En quelques minutes, vendredi 17 janvier, le Sénat a jeté un pavé dans la mare en votant la suppression des crédits alloués à l’Agence bio. Cette décision, qui acte la disparition de l’opérateur public chargé de promouvoir et structurer la filière bio, suscite depuis une vive polémique. Décryptage d’un dossier brûlant qui inquiète les acteurs d’un secteur déjà fragilisé.
Le Sénat supprime les crédits de l’Agence bio
C’est un amendement défendu par le sénateur LR Laurent Duplomb qui a mis le feu aux poudres. Vendredi, lors de l’examen du projet de loi de finances 2025, il a été adopté par la chambre haute, actant la suppression pure et simple des 2,9 millions d’euros de crédits versés à l’Agence bio. Concrètement, cela signifie la disparition de l’organisme public créé en 2001 pour promouvoir le label bio, assurer une mission d’observatoire du marché et financer la structuration des filières.
Le sénateur justifie cette coupe budgétaire comme un « bon moyen de faire des économies » et pointe du doigt une agence de plus parmi les milliers existantes en France. Mais les administrateurs de l’Agence bio, dont la Coopération agricole ou la grande distribution, dénoncent de leur côté des «économies de bouts de chandelle».
Les missions bio reprises par d’autres organismes
Pour Laurent Duplomb, les trois missions de l’Agence bio peuvent être reprises par d’autres structures sans avoir besoin d’une agence dédiée :
- L’observatoire du bio serait assuré par FranceAgriMer qui sort déjà les mêmes données
- La communication grand public irait à l’INAO, expert des labels de qualité comme l’AOP ou l’IGP
- La structuration des filières reviendrait aux interprofessions de chaque secteur (lait, fruits et légumes…)
Le ministère de l’Agriculture juge « pertinente » l’idée de supprimer l’Agence bio mais appelle à étudier les modalités pratiques avec les acteurs concernés pour assurer « un atterrissage en douceur ». Il s’agit de les convaincre que les missions seront bien reprises dans de bonnes conditions.

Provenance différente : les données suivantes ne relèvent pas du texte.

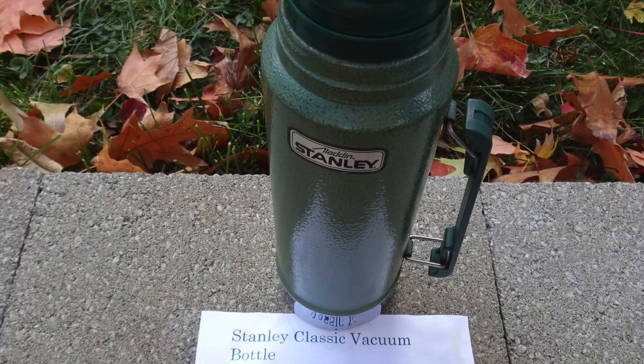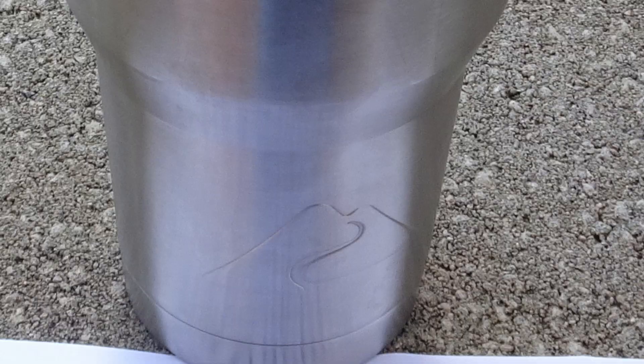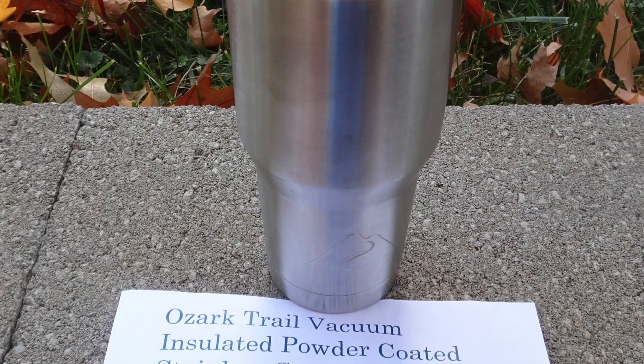Best overall is the Stanley Classic. Best to drink from is the Ozark Trail.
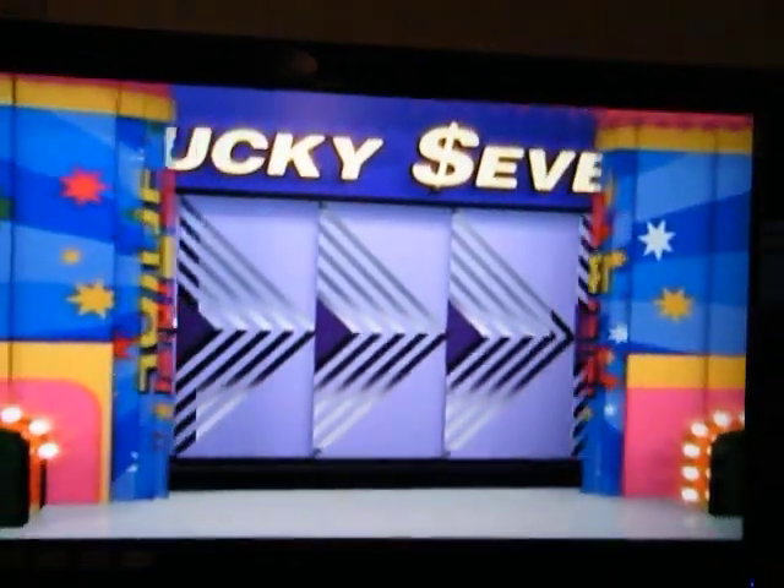You're going to play Lucky 7. What is the first number of the price, please?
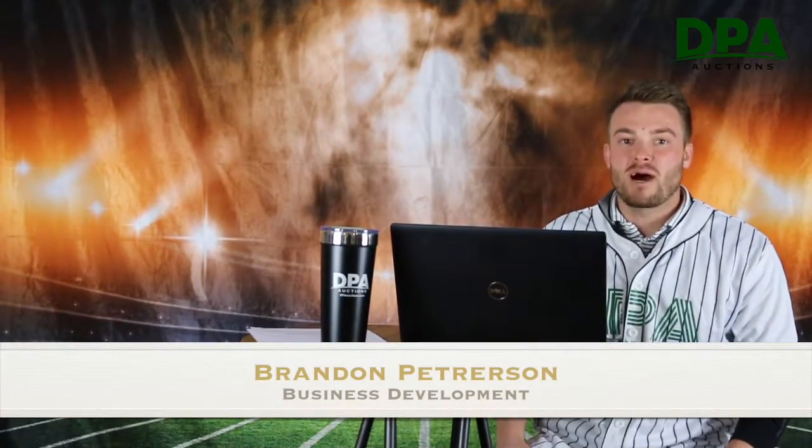Welcome to Episode 3 of the DPA Play-By-Play, where we give you the latest buying and selling trends. Today we have an awesome show for you. We have a professional in the ag world. Let's welcome Nick Prinslow, everybody. Hey Nick, thanks for coming. Thanks for having me, we appreciate it.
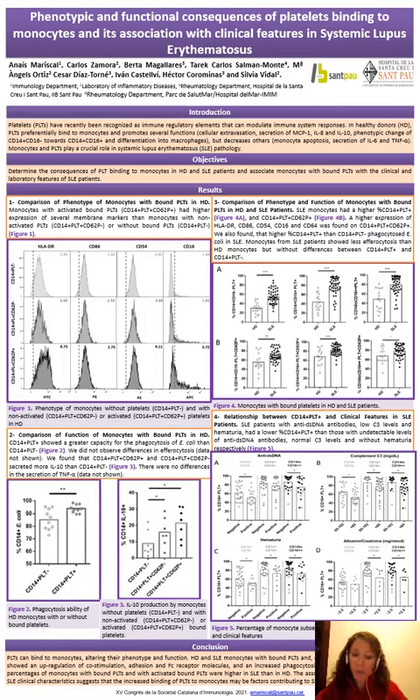The results we obtained from this study were the following. In healthy donors, monocytes with non-activated bound platelets had higher expression of several membrane markers than monocytes with non-activated bound platelets or without bound platelets.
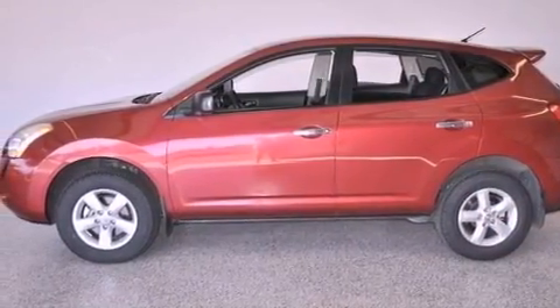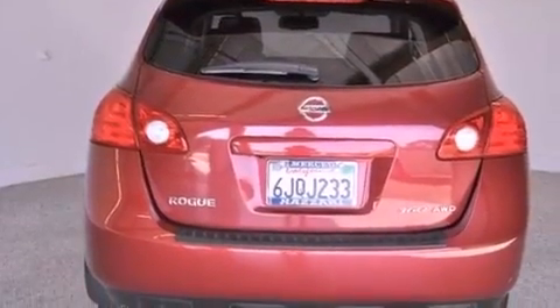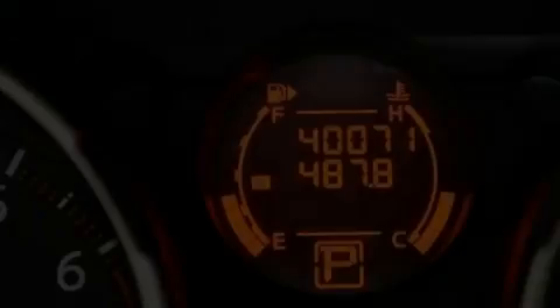Features include a low tire pressure indicator, traction control and stability control systems, cruise control, a CD player, and an engine immobilizer theft deterrent system, and an anti-lock braking system.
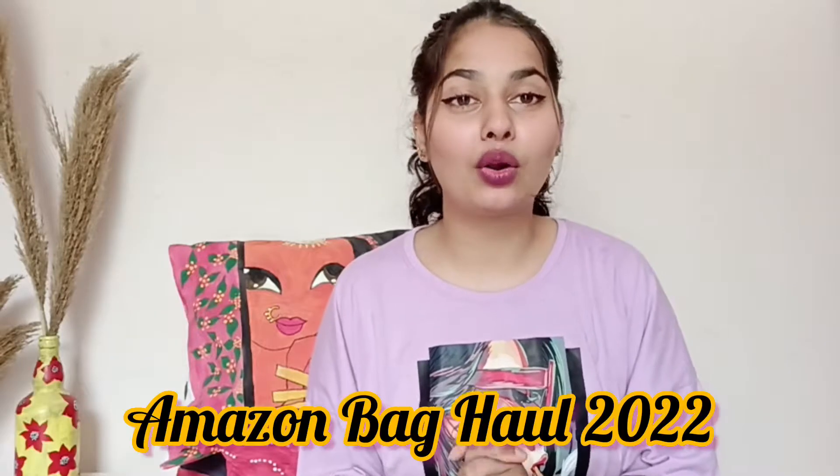Hello everyone, welcome back to my another video. How are you? I hope you guys are good. Today is your favorite video — I am going to do an Amazon bag haul under 500.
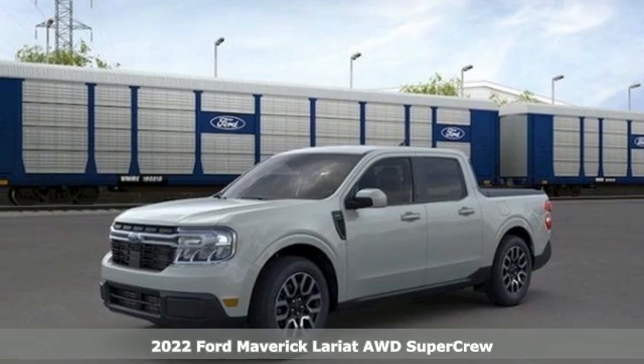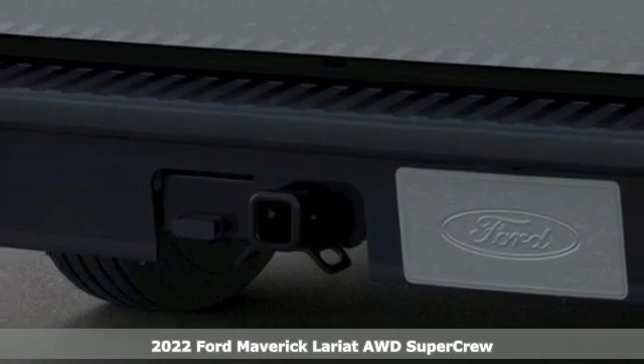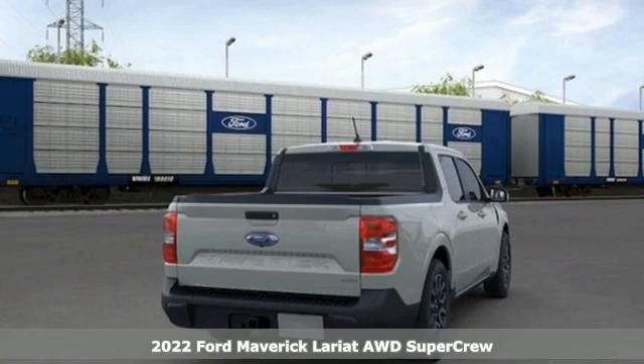Here's a new 2022 Ford Maverick. Ford where tradition meets innovation and it comes with all the amenities you need.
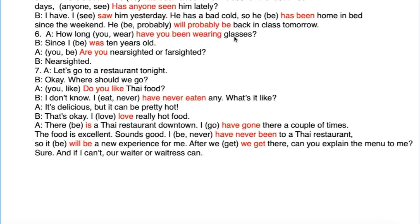How long have you been wearing glasses? Since I was ten years old — this is simple past in the 'since' clause, plus a specific time: age ten. Are you near-sighted or far-sighted? Near-sighted means you can see close up but not far away; far-sighted means the opposite. Friends who wear glasses will know this.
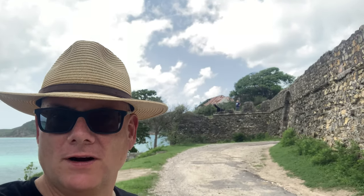We're here at Fort James, St. John's, Antigua. This fort was constructed in 1736 for the defense of the island and the city of St. John's. Let's check her out.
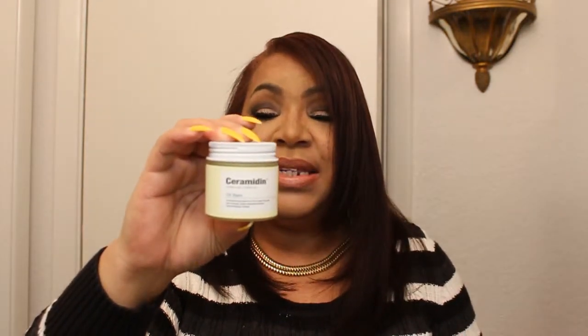Another thing I picked up from Sephora is the Dr. Jart Ceramiden Oil Balm. This is really, really good for dry spots. What I normally do is use this when I get out of the shower — on my elbows and my knees, and also around my cuticles, because we're in winter and those areas tend to be a bit drier. I use this along with my body butter and it's really, really good, so I'm happy I purchased that.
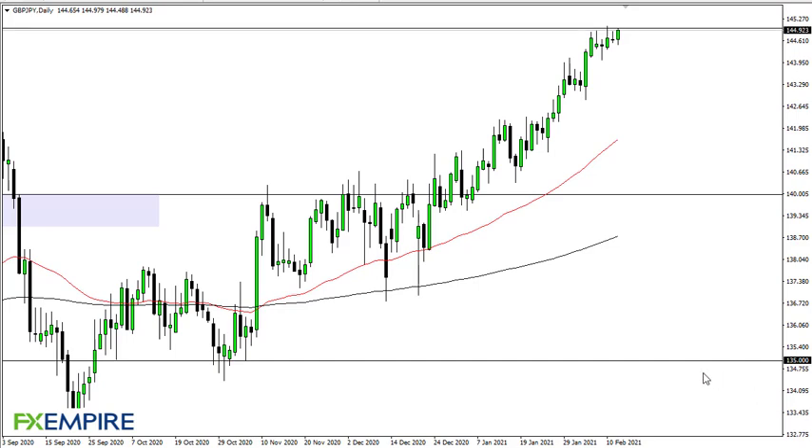From FX Empire, this is Chris taking a look at the British pound Japanese yen pair. You can see that we are pressing 145 yen yet again, forming this little ascending triangle. I think it's only a matter of time before we break out.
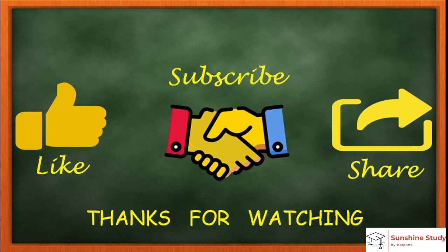If you liked this video, please like it. If it was helpful, please subscribe and share it with your friends.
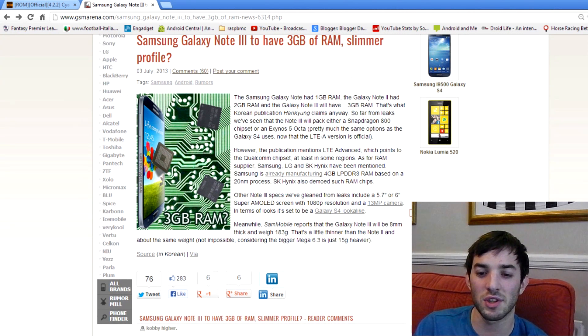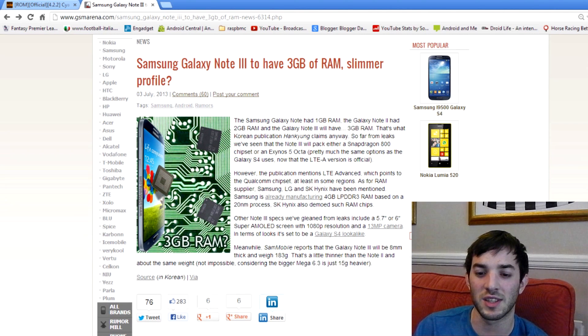In terms of the publication, it actually mentions that the Galaxy Note 3 is going to have LTE Advanced, and the Snapdragon 800 does actually support LTE Advanced, so it's kind of tipping towards the Snapdragon 800, but we'll have to wait and see.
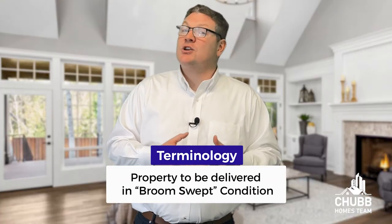By the way, we use the terminology "broom swept condition" because the definition of "clean" can be debated between any two parties, but it's really hard to debate what broom swept means. I mean, it's kind of obvious.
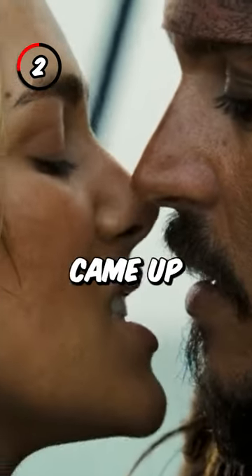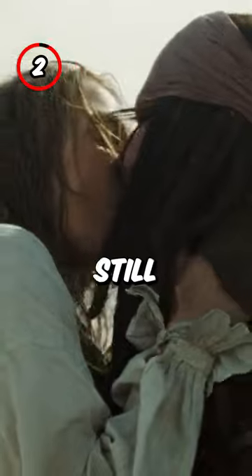Fact 2: Keira actually came up with the scene between Jack and Elizabeth while the script was still being written.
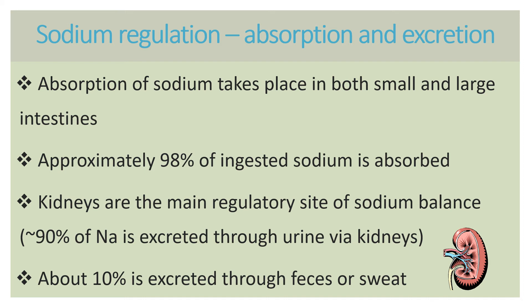Sodium is regulated mainly by the kidneys — not only because we lose or excrete sodium via urine through the kidneys, but also because, as you will see in a moment, kidneys play a role in secreting specific hormones that regulate sodium level and blood volume level. Only small amounts, approximately 10% or so, are excreted through feces and sweat, although if you are living in a hot and humid environment and you are an athlete or doing strenuous physical work outside, you may lose a little bit more sodium through sweat.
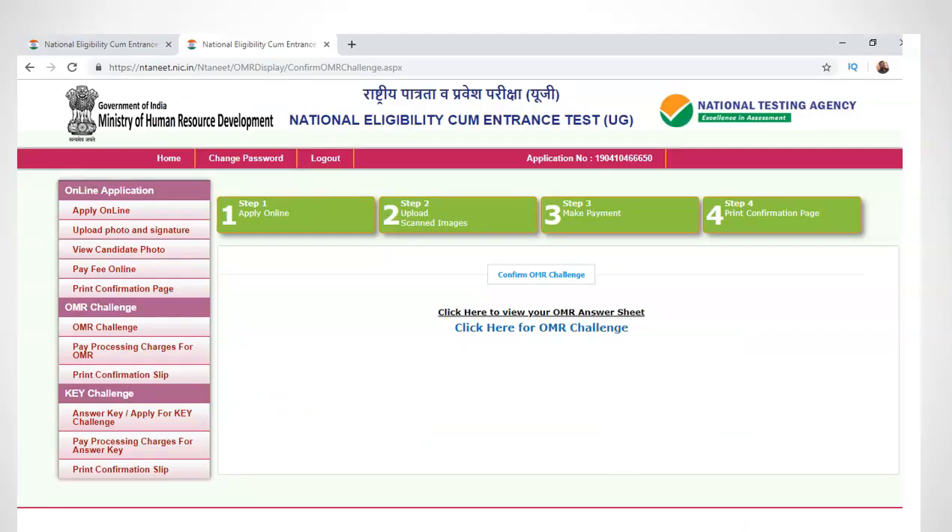This is how the challenge screen will look, based on the previous year. After you log in, you will be able to access your scanned OMR sheet. For this year, you may not have access to the OMR sheet online as it would have been sent to your email ID.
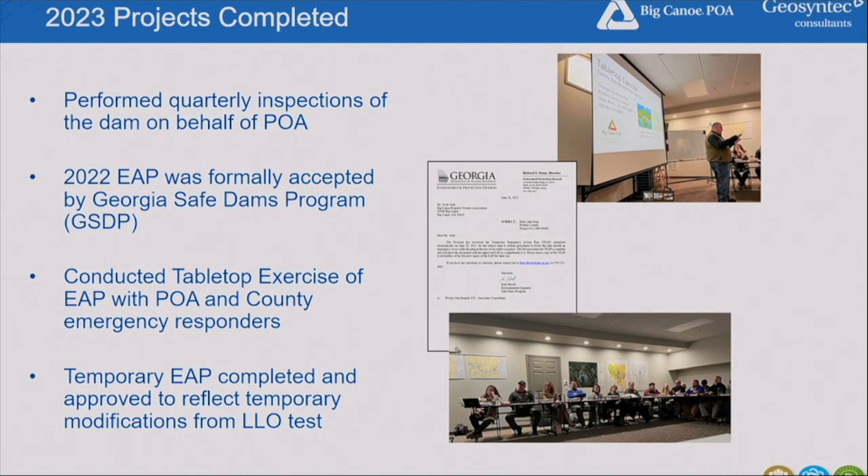We've also been conducting quarterly inspections of the dam. The state requires the owner to do their own inspection, but the POA has gone a step further and asked us as engineers to inspect quarterly. An engineer's inspection is only required every two years for this type of dam, so we have our eyes on it much more often than required.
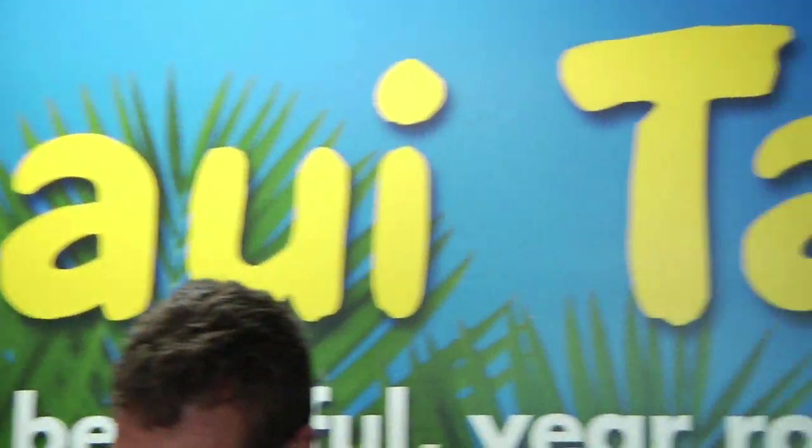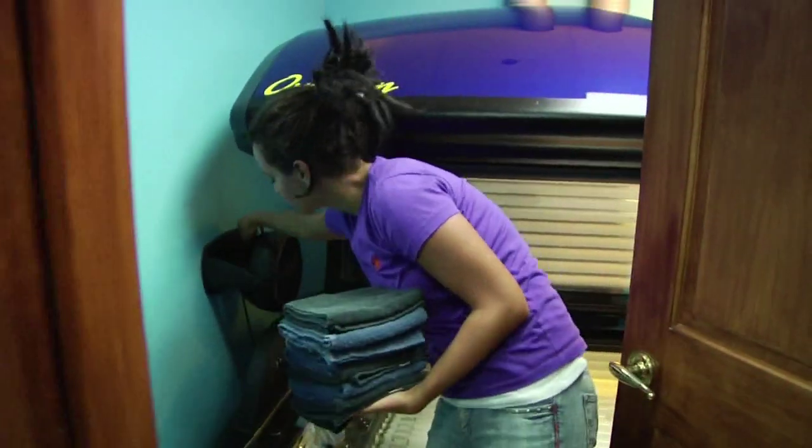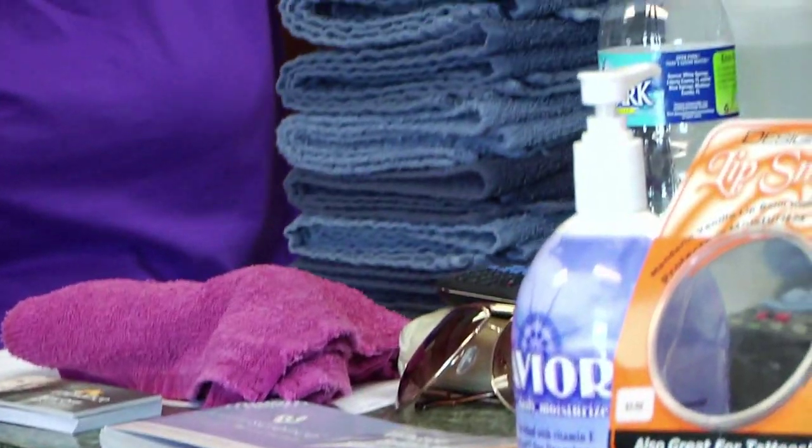Hello, my name is Melissa. I'm here at Maui Tan in Atlanta. We have two locations. This is our Vinings location. Our other location is in Midtown, Atlanta. Here we offer UVB-free beds, Mystic spray tans, all sorts of products, and a great knowledge about tanning.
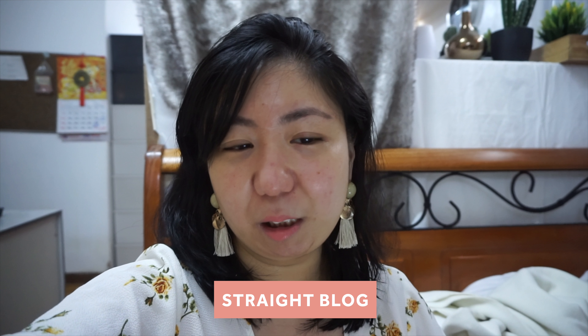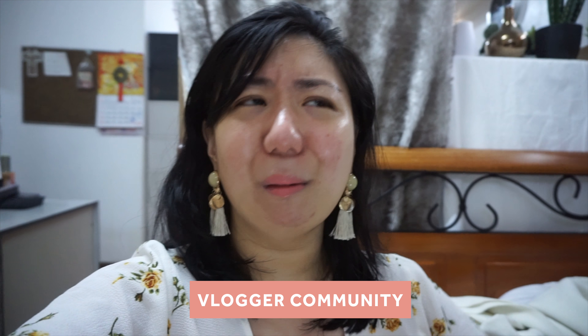I have a website. It's a blog. I use it as a portfolio, but now I use it as a straight blog because I want to be fully committed into this vlogger community. I want to grow myself to become a good blogger and a legit blogger here in my country.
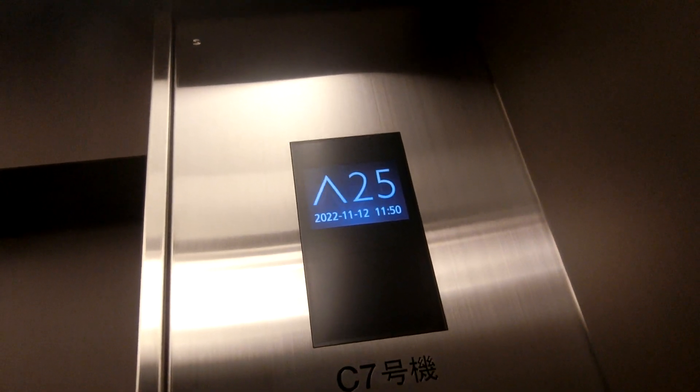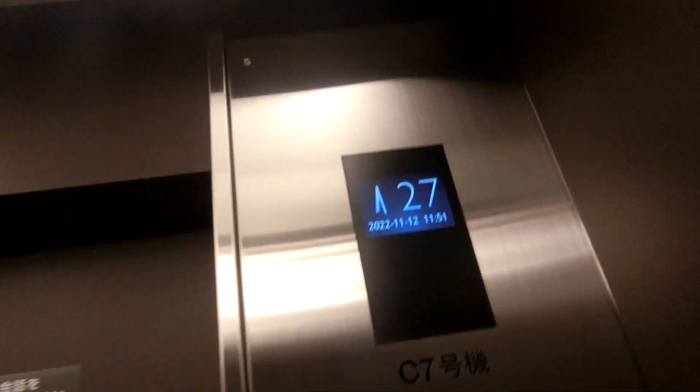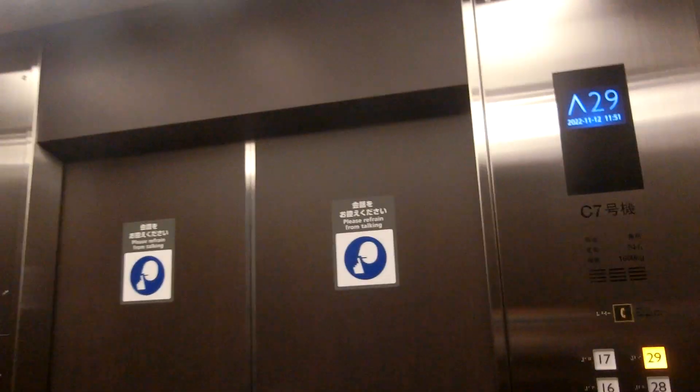First, please take the opportunity to make a decision. 29th floor. 29th floor. Next, we'll go.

Inquiétude et colère des acteurs du bio
Mais cette suppression soudaine passe très mal auprès des professionnels du bio. Dans un communiqué, les administrateurs de l’agence, de la FNAB aux distributeurs spécialisés, dénoncent une « attaque en règle contre la transition écologique » et appellent à ne pas « casser l’outil » en dispersant ses compétences.
Il y a une agence dédiée à cette agriculture d’intérêt général qu’il ne faut pas casser en dispersant son patrimoine et son expertise aux quatre vents.
Alors que le bio est en croissance chez tous nos voisins, en particulier l’Allemagne, ne prenons pas l’autoroute de l’histoire à contresens!
déclarent-ils.
Producteurs, coopératives, transformateurs, distributeurs, associations… Toute la filière bio monte au créneau pour défendre le rôle « indispensable » de l’Agence bio. Un cri d’alarme dans un contexte déjà difficile pour le secteur, confronté à une baisse de la consommation depuis 3 ans. La part de marché du bio est retombée à 5,6% en 2023.
L’avenir du bio en question
Au-delà du sort de l’Agence bio, c’est la stratégie de développement de l’agriculture biologique qui semble remise en cause. En avril dernier, le gouvernement avait pourtant annoncé un ambitieux plan Ambition Bio 2027 visant à atteindre 18% de surface agricole utile en bio d’ici 2027, contre 10,3% actuellement. Cet objectif semble compromis sans l’appui de l’agence.
Plus largement, la décision du Sénat illustre les arbitrages budgétaires difficiles dans un contexte de réduction des déficits publics. Chaque ministère doit trouver des économies et les agences sont une cible privilégiée. Mais ces coupes inquiètent les filières concernées.
Pour le sénateur Duplomb, supprimer l’Agence bio « n’est pas limiter les moyens du bio » qui reste soutenu par le gouvernement. Mais sans cet outil fédérateur, l’avenir du secteur semble plus incertain que jamais. Le débat promet d’être animé dans les prochaines semaines à l’Assemblée nationale qui devra trancher en dernier ressort sur le budget 2025.